GIVEN RECORDS
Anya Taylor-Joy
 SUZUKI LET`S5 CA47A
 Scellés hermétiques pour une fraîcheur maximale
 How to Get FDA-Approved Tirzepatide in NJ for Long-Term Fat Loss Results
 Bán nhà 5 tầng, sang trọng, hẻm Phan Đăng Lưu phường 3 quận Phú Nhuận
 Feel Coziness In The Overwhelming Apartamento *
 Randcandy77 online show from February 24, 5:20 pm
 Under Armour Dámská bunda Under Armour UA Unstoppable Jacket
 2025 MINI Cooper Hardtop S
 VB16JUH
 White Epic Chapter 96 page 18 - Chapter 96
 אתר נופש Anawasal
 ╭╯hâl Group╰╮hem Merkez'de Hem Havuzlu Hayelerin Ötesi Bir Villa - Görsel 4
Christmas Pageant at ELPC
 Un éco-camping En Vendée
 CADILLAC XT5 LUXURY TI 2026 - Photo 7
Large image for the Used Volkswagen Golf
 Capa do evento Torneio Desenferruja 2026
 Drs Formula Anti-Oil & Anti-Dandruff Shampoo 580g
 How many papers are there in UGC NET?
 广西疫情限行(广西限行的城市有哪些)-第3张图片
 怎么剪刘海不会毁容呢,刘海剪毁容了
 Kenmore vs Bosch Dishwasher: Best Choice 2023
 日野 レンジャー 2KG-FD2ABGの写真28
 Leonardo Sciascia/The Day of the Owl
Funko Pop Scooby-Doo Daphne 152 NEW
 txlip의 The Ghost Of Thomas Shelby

WHAT IS BEING ASKED
Retype the records above in full, matching each line exactly.

PROBLEM SOLUTION
Anya Taylor-Joy
 SUZUKI LET`S5 CA47A
 Scellés hermétiques pour une fraîcheur maximale
 How to Get FDA-Approved Tirzepatide in NJ for Long-Term Fat Loss Results
 Bán nhà 5 tầng, sang trọng, hẻm Phan Đăng Lưu phường 3 quận Phú Nhuận
 Feel Coziness In The Overwhelming Apartamento *
 Randcandy77 online show from February 24, 5:20 pm
 Under Armour Dámská bunda Under Armour UA Unstoppable Jacket
 2025 MINI Cooper Hardtop S
 VB16JUH
 White Epic Chapter 96 page 18 - Chapter 96
 אתר נופש Anawasal
 ╭╯hâl Group╰╮hem Merkez'de Hem Havuzlu Hayelerin Ötesi Bir Villa - Görsel 4
Christmas Pageant at ELPC
 Un éco-camping En Vendée
 CADILLAC XT5 LUXURY TI 2026 - Photo 7
Large image for the Used Volkswagen Golf
 Capa do evento Torneio Desenferruja 2026
 Drs Formula Anti-Oil & Anti-Dandruff Shampoo 580g
 How many papers are there in UGC NET?
 广西疫情限行(广西限行的城市有哪些)-第3张图片
 怎么剪刘海不会毁容呢,刘海剪毁容了
 Kenmore vs Bosch Dishwasher: Best Choice 2023
 日野 レンジャー 2KG-FD2ABGの写真28
 Leonardo Sciascia/The Day of the Owl
Funko Pop Scooby-Doo Daphne 152 NEW
 txlip의 The Ghost Of Thomas Shelby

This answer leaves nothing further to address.